Regulators and utility debate saving money or electricity
Should Nevada Power Co. save money or electricity?
That is the question facing state regulators, some analysts say. Others disagree, arguing that the electric utility serving Las Vegas can save both money and electricity for customers by maintaining a big budget for energy-conservation programs.
Usually energy conservation and power savings go hand in hand because reduced power consumption saves on the cost of building new plants and burning fuel to make electricity.
Although energy-conservation programs cost money, they often save money that otherwise would need to be spent on fuel and power generation equipment.
However, the struggling Southern Nevada economy has dampened demand for electricity, and Nevada Power already has adequate generating capacity to meet needs, some analysts argue.
Nevada Power, the Las Vegas-based subsidiary of NV Energy, sparked the regulatory debate in February when it changed its Integrated Resource Plan application with state regulators, cutting the proposed 2010 budget to $52.8 million from $95.8 million suggested in July.
Even with the budget reduction, the utility intends to boost the amount of money spent on demand-response energy programs. Demand-response programs automatically reduce electricity consumption by shutting off power to participating customers for short periods when electricity prices are high or electricity is in short supply.
Nevada Power's Cool Share program, which allows the utility to turn off a home air conditioner during peak periods of energy use, is a demand-response program.
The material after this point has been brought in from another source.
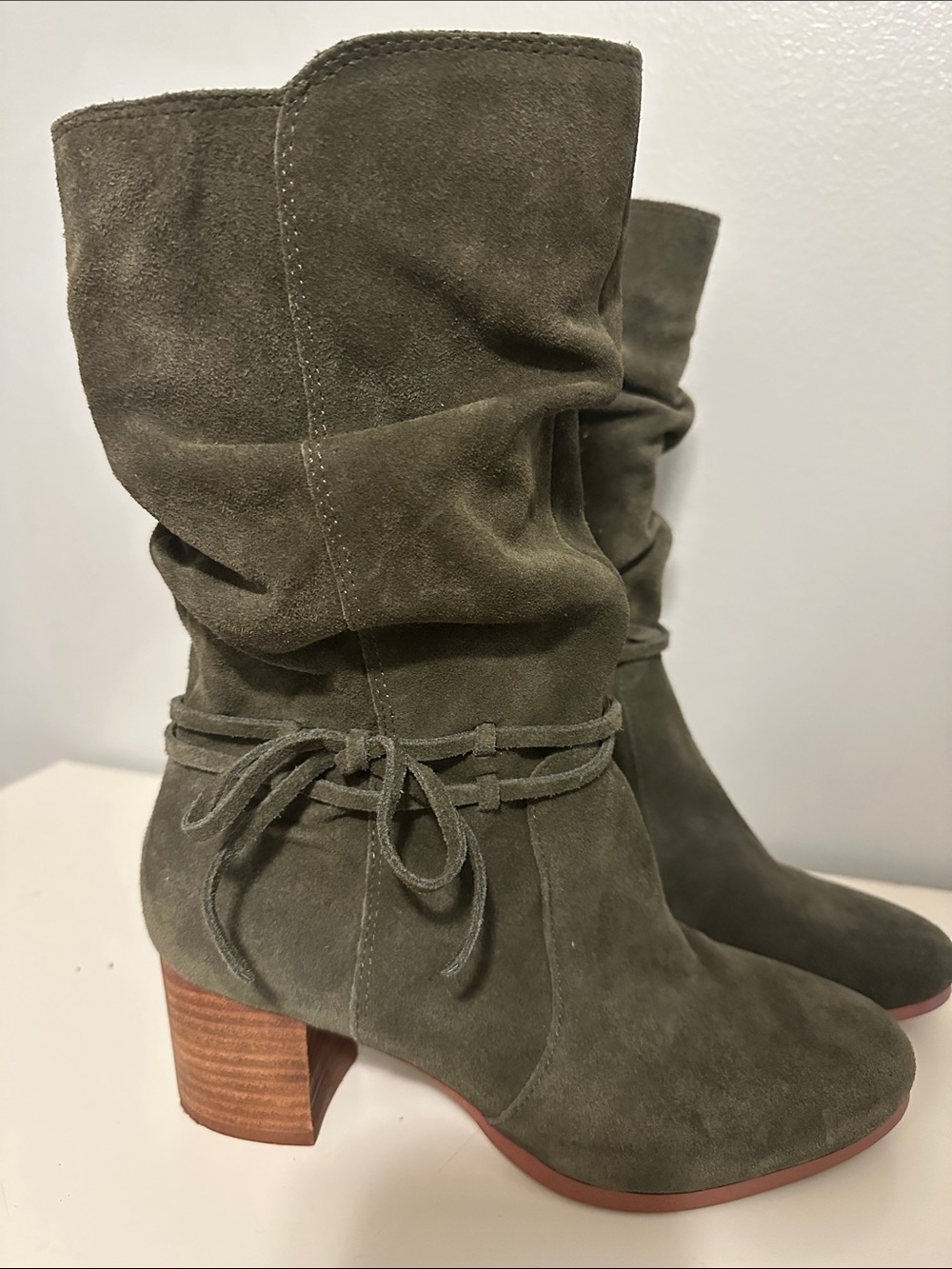Violet & Red Suede Slouch Boot — Olive Green, Sz 8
In contrast, the residential refrigerator recycling program, which pays residents $30 for old, inefficient refrigerators, is not a demand-response program .
Demand-response programs reduce rates for all customers, Gregory Kern, the utility's director of renewable generation and energy efficiency, said in testimony filed with the Public Utilities Commission.
The utility is forecasting slack power demand because of low population growth in the Las Vegas Valley.
"Sales growth is flat in the short run and projected to grow slowly in the coming years," Kern said. "With the sluggish economy and less (power generating) capacity required to meet future growth, it makes sense to defer plans for adding capacity."
Eric Witkoski, chief of the attorney general's Bureau of Consumer Protection, also favored trimming the budget for energy-conservation programs at Nevada Power. Utility consumers pay for conservation programs at Nevada Power through rates, Witkoski said in an e-mail.
"We need to be wise and reasonable on future investment, including energy efficiency expenditures that are paid for by the ratepayers," Witkoski said. "Additionally, Las Vegas is expected to lag behind the rest of the nation in recovery. So we have to watch expenditures as we move through the recession."
Several conservation groups contend that Nevada Power should retain its full energy-conservation budget.
"Whether or not there's the need for new (power-generation) capacity in the near term, medium term or long term, the company has developed cost-effective programs that generate economic benefits that exceed the cost," said Howard Geller, executive director of the Southwest Energy Efficiency Program, a public interest group based in Boulder, Colo.
Energy-conservation programs reduce air pollution from power plants, reduce water consumption by power plants and create jobs, Geller said.
"Our recommendations are good for customers, good for the environment and good for the local economy," Geller said.
Yet houses and buildings will be constructed without sufficient energy conservation features if the Nevada Power program is curtailed, he said. After a home or building is completed it is more costly to install energy-conservation measures, such as insulation, he said.
"It's criminal not to build energy-efficient homes and buildings," he said. "This isn't something you can turn on and off. It's much harder to go back in and retrofit energy efficiency down the road."